Sam, welcome to the forum, cutting 50mm is about on the limit for any scroll saw, my recommendation would be to lookout for a second hand Delta with the quickset2 blade clamps with variable speed or at least two speeds. (But I'm biased 'cos I have two, a 40-540 and a 40-560)
happy scrolling
Steve


----------



## Sam84 (20 Jul 2012)

Thank you to both of you for your advice. I think I will keep doing a bit more research, I definitely want to try scroll sawing as I buy so many items made this way and I am a very creative person so definitely want to try, however I want to do it NOW haha, but I know it will be better in the long run ILife I do my research beforehand.
Thanks again Clockie and loftyhermes x


----------



## Gill (20 Jul 2012)

I'm curious - what are you trying to cut that needs to be so thick?


----------



## Sam84 (20 Jul 2012)

Nothing as yet, would just rather have a scroll saw that could saw 50mm if needed, that's all


----------



## Gill (21 Jul 2012)

I'm still curious  . What _are_ you hoping to cut? There aren't many scroll saw projects which require cutting 50mm thick wood. You're not thinking of starting out with a project that requires compound cutting, are you? That would be... ambitious. Exciting, but ambitious.


----------



## stevebuk (21 Jul 2012)

good luck cutting 2inch stuff, i regularly cut 1 inch thick oak, ash and beech but wouldn't like to cut it any thicker, thats quite a task..


----------



## Mike M (21 Jul 2012)

I agree with the replies about cutting thick wood.
You can not use a very small blade. You need good tension, if not you will lose control over the blade.
You need good speed, if not you might start pushing too hard into the blade and again lose control.
You have to push very slow into the blade or the blade will start cutting with a bevel. Let the blade do the cutting.
Never be in a hurry with scroll sawing.
Most blades have a burr on the right side what makes the blade cut to the right, you have to move the wood some degree to the right to stay on the line.
I would not start with 50 mm thick wood. To learn scrolling, start with 12 to 20 mm thick wood. (1/2" to 3/4")
FD Mike


----------



## Gill (21 Jul 2012)

Mike M":huybrjr8 said:


> You need good speed, if not you might start pushing too hard into the blade and again lose control.

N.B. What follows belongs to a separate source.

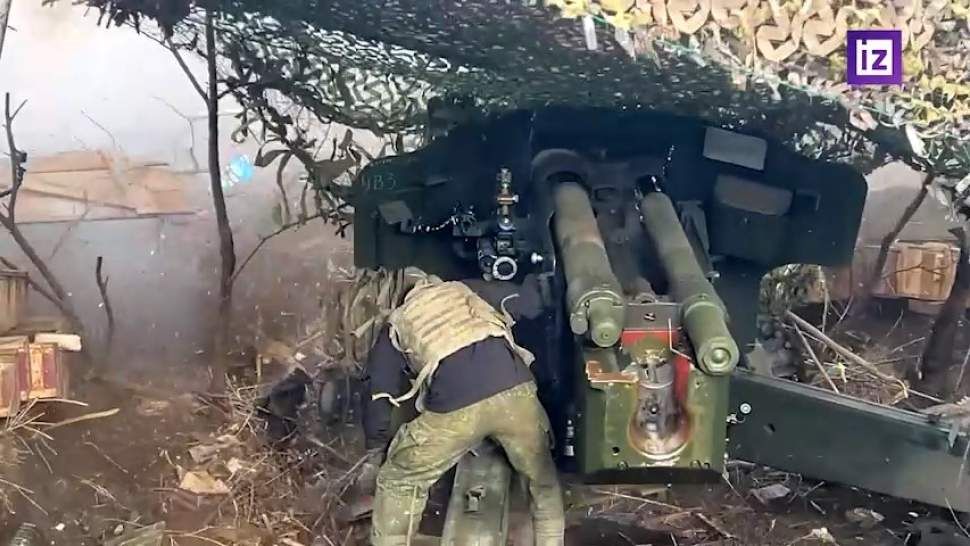 Тульские десантники с помощью гаубицы Д-20 разгромили склады с боеприпасами ВСУ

I prefer to cut my thicker wood very slowly instead. My thinking is that the progress of the cut can be impeded by swarf that is generated at the point of the cut. This means that the teeth of the blade inside the wood become bound up with sawdust so only the upper and lower sections of the blade are actually cutting. What is important is that a scroller pays attention to how much sawdust is being produced. Perhaps some scrollers find that a high speed ejects the sawdust very effectively but that is not my experience. Instead, I work at a slow speed and use as light a touch as possible to guide the workpiece, backing off frequently.

If I work at a fast speed or try to hurry, I find the part of the blade that is completely embedded in the workpiece just stops cutting because it gets bound up in the sawdust. I suspect many scrollers attribute this to their blade (no matter which brand they are using) having worn it out when really it is not the blade that is at fault but their own technique. So they remove the blade,taking with it the sawdust that has been generated, and fit a new one, only to find that it quickly loses its effectiveness too.

So, folks, it's up to you - if you use a high stroke rate to cut thick pieces of wood and you experience the difficulties that I've been discussing, you might want to try my approach instead. Make up your own minds  .


----------



## Mike M (21 Jul 2012)

Gill,
If it works for you fine. I use hight speed and push very slow into the blade. I let the blade do the cutting.
It gives me better control over the blade.
If you do not have enough speed, the blade has a tendency to grabb the wood and makes it jumb up and down.
If the blade gets dull, this will be a problem to remove the dust.
This has worked for me for many, many years.
FD Mike


----------



## stevebuk (22 Jul 2012)

i must admit to doing it Mikes way, fast speed slow push but i will also try your way gill and see how i get on, i have 14 orders to complete this week so will have a go..


----------



## Gill (22 Jul 2012)

I've been pondering this thread. From my point of view, the limitation on how effectively you can cut a thick piece of wood isn't necessarily governed by the throat of the saw - the stroke length is also important. Let's consider the Hegner Multicut 1V which has a stroke length that can be adjusted to 12mm and 15mm. The manufacturer says it will cut wood to a maximum thickness of 50mm. This means that if you try to cut a piece of wood 50mm thick, only the top 15mm and the bottom 15mm of the blade will actually clear the wood, leaving a middle 20mm where the blade never passes into the fresh air which will clear away the cut sawdust. I don't see how that sawdust can be cleared. Can anyone explain? If not, it's the stroke length of a saw that determines the thickness of wood that a saw can cut. In the case of a Hegner Multicut 1V, this is 30mm (2 x 15mm), not 50mm as claimed by the importing agent. Even a Hegner Polycut3 which has a stroke length of 24mm would struggle to cut wood that is 50mm thick!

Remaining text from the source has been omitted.